Narungga community representatives Douglas Milera (left) and Professor Peter Buckskin.The ancestral remains a re returned during a smoking ceremony in London. Supplied: Australian High Commission.

Samantha Hawley, London’s Natural History Museum returns Aboriginal remains to elders, ABC News, 28 March 2019

It has been a long journey, but after more than 100 years, 37 sets of Australian Aboriginal ancestral remains are set to be returned to country and laid to rest.

The Natural History Museum in London officially gave back the remains during a sombre ceremony in the English capital on Tuesday local time.

“The healing can start,” Doug Milera, an elder with the South Australian Narungga community, told ABC News.

He travelled across the globe to bring the “old people” back to country so their spirts can be laid to rest.

“The fact that we are bringing them home now means that the anger and frustration can subside,” Mr Milera said.

The passage of time had not lessened the emotion.

“It runs very deep still,” Mr Milera said.

“The fact that our old people were taken without permission and that information has been passed down through the generations, and knowing that they’ve been sent to other countries for research, it [the anger] still runs very deep in our community.”

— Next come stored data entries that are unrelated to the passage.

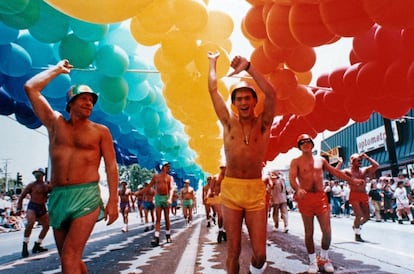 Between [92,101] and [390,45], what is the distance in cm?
375

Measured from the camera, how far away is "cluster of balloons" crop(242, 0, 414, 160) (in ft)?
12.0

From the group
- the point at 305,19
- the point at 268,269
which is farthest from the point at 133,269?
the point at 305,19

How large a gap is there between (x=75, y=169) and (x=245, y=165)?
1.63m

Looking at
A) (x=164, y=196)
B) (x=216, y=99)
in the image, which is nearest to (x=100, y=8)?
(x=216, y=99)

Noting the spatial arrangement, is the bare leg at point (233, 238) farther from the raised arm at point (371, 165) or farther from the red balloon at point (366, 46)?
the raised arm at point (371, 165)

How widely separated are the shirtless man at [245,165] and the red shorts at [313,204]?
1.95 m

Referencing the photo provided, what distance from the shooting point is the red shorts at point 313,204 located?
5.46 meters

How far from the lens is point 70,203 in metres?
3.26

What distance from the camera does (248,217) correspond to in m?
3.68

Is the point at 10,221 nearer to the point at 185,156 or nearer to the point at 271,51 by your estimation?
the point at 185,156

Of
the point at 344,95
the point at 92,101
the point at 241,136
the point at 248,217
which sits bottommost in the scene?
the point at 248,217

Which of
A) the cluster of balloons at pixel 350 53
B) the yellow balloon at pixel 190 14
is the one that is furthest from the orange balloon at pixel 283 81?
the yellow balloon at pixel 190 14

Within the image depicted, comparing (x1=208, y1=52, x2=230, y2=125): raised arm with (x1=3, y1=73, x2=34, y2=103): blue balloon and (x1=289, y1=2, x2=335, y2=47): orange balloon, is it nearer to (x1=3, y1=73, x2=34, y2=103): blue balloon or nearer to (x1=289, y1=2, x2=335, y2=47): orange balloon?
(x1=289, y1=2, x2=335, y2=47): orange balloon

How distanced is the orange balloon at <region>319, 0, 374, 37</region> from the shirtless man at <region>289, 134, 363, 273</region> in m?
2.32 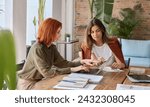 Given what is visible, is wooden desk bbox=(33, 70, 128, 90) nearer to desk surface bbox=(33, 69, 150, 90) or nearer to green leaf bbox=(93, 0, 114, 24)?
desk surface bbox=(33, 69, 150, 90)

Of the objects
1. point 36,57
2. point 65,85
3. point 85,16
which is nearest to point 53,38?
point 36,57

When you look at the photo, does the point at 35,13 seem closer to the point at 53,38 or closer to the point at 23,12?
the point at 23,12

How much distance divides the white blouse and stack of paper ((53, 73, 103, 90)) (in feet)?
2.78


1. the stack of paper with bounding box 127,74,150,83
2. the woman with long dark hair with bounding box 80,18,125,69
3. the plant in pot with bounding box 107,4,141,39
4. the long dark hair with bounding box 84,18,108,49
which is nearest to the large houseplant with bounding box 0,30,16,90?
the stack of paper with bounding box 127,74,150,83

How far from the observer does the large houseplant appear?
79cm

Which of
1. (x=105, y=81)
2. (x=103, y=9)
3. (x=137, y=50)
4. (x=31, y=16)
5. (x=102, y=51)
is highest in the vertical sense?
(x=103, y=9)

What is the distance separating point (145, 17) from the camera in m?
6.59

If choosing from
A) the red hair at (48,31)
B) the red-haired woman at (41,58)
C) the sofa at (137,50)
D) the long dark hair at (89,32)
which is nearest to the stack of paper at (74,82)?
the red-haired woman at (41,58)

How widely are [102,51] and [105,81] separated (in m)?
1.01

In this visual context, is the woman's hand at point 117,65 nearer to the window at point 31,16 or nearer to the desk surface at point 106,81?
the desk surface at point 106,81

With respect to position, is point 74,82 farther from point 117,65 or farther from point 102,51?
point 102,51

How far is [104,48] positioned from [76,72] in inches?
34.1

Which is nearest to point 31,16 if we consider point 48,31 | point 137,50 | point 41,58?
point 137,50

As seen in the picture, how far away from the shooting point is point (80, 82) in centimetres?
192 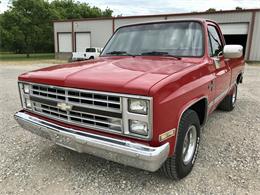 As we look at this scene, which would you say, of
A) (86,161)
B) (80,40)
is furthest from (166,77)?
(80,40)

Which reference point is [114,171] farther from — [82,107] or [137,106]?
[137,106]

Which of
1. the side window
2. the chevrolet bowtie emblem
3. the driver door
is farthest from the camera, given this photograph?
the side window

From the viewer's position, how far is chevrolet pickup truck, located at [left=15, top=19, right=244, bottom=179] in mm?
2225

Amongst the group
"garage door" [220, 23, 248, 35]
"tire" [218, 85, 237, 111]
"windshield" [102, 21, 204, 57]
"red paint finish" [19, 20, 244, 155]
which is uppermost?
"garage door" [220, 23, 248, 35]

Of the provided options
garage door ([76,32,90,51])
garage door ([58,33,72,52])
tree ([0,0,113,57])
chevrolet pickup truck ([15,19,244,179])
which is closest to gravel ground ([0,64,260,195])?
chevrolet pickup truck ([15,19,244,179])

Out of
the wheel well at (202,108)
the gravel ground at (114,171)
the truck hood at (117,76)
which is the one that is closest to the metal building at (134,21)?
the gravel ground at (114,171)

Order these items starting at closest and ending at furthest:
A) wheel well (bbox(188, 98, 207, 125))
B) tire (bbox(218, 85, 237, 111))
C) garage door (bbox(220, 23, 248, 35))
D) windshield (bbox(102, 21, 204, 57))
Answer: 1. wheel well (bbox(188, 98, 207, 125))
2. windshield (bbox(102, 21, 204, 57))
3. tire (bbox(218, 85, 237, 111))
4. garage door (bbox(220, 23, 248, 35))

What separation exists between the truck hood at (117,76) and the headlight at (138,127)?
31 cm

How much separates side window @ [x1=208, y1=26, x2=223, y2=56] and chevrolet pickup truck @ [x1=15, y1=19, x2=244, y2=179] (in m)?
0.15

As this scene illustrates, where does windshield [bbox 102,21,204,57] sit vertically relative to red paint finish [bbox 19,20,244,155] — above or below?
above

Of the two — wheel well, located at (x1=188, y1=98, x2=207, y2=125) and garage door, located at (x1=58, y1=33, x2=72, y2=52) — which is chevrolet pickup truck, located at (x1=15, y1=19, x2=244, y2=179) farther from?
garage door, located at (x1=58, y1=33, x2=72, y2=52)

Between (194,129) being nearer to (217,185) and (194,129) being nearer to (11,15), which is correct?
(217,185)

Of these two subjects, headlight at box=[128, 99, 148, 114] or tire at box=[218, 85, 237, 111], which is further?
tire at box=[218, 85, 237, 111]

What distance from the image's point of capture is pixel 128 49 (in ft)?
12.7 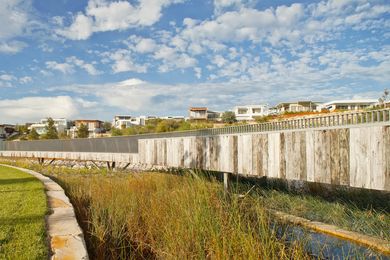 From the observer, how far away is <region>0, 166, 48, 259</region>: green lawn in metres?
2.87

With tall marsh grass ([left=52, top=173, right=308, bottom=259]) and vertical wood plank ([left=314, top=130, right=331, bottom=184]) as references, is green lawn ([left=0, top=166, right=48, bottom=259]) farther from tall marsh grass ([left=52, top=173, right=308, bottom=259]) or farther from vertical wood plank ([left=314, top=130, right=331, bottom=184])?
vertical wood plank ([left=314, top=130, right=331, bottom=184])

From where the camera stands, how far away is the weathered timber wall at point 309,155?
4.39 meters

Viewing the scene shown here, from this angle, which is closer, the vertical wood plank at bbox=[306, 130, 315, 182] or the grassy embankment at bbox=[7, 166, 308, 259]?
the grassy embankment at bbox=[7, 166, 308, 259]

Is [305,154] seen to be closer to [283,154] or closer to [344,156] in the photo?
[283,154]

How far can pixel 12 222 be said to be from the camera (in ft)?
12.5

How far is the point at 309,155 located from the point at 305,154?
0.10 m

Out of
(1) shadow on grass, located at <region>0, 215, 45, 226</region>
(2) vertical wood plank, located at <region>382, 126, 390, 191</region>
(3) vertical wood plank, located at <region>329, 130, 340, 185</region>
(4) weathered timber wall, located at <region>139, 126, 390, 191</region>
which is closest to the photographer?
(1) shadow on grass, located at <region>0, 215, 45, 226</region>

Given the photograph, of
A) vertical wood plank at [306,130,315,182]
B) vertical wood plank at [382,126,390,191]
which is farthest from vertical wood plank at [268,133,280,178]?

One set of remains will be will be returned to the Narungga people, while others will be repatriated to the Ngarrindjeri, Kaurna, Far West Coast and Flinders Ranges communities.

They will be cared for by the South Australian Museum and the National Museum of Australia until they can be reburied.

The Indigenous Repatriation Program has so far led to the return of more than 1,480 ancestral remains, with more than 1,200 coming from the UK.

“This is about healing and moving forward,” Professor Peter Buckskin, also from the Narungga community, said after the ceremony.

“It is really important that those who have been taken are returned so they can rest eternally and spiritually.”